▸ **Exercise description**
Your task is to retype, word for word, the lines from the start of the data through the line holding "Hugh Hunton, Thomas". Do not include the pictures.

▸ **Data excerpt**

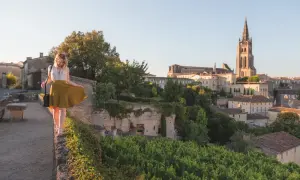 Donna passeggia su un muro a Saint-Émilion, con il villaggio e la sua chiesa in lontananza.
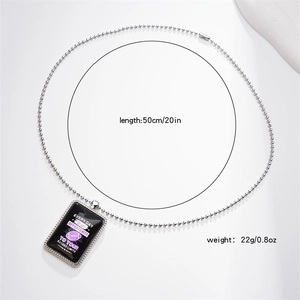 Detail of rugby charm necklace with black enamel finish and polished silver ball chain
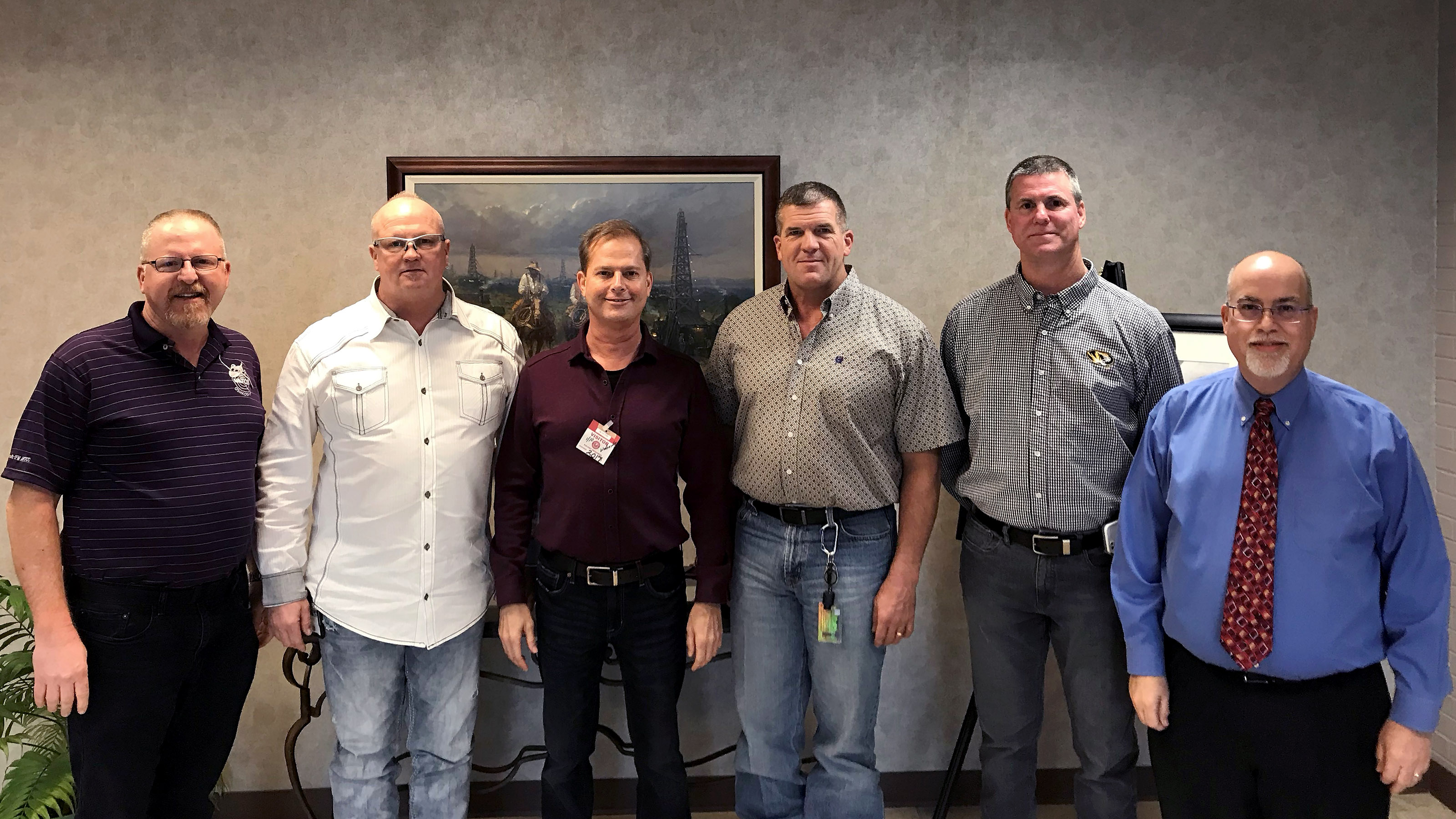 Hugh Hunton, Thomas Herd, pilot Peter Edenhoffer, Phil Enis, Charlie Porter, and Bryan Beck at Fort Worth Center. Photo courtesy of Doug Church.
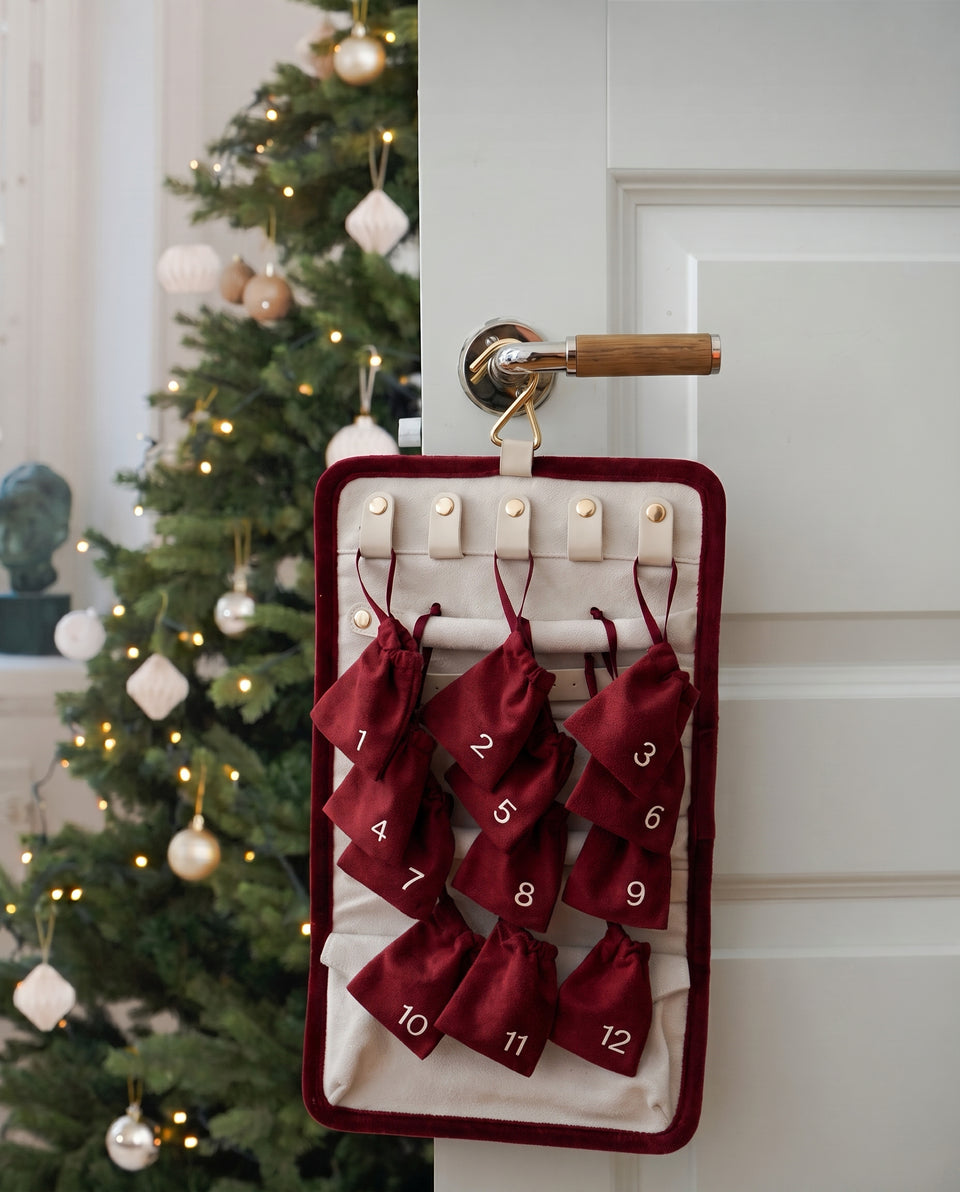 A lifestyle image of the Syster P Advent Calendar hanging on a door, showcasing the 12 doors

▸ **Output for this exercise**
 Donna passeggia su un muro a Saint-Émilion, con il villaggio e la sua chiesa in lontananza.
 Detail of rugby charm necklace with black enamel finish and polished silver ball chain
 Hugh Hunton, Thomas Herd, pilot Peter Edenhoffer, Phil Enis, Charlie Porter, and Bryan Beck at Fort Worth Center. Photo courtesy of Doug Church.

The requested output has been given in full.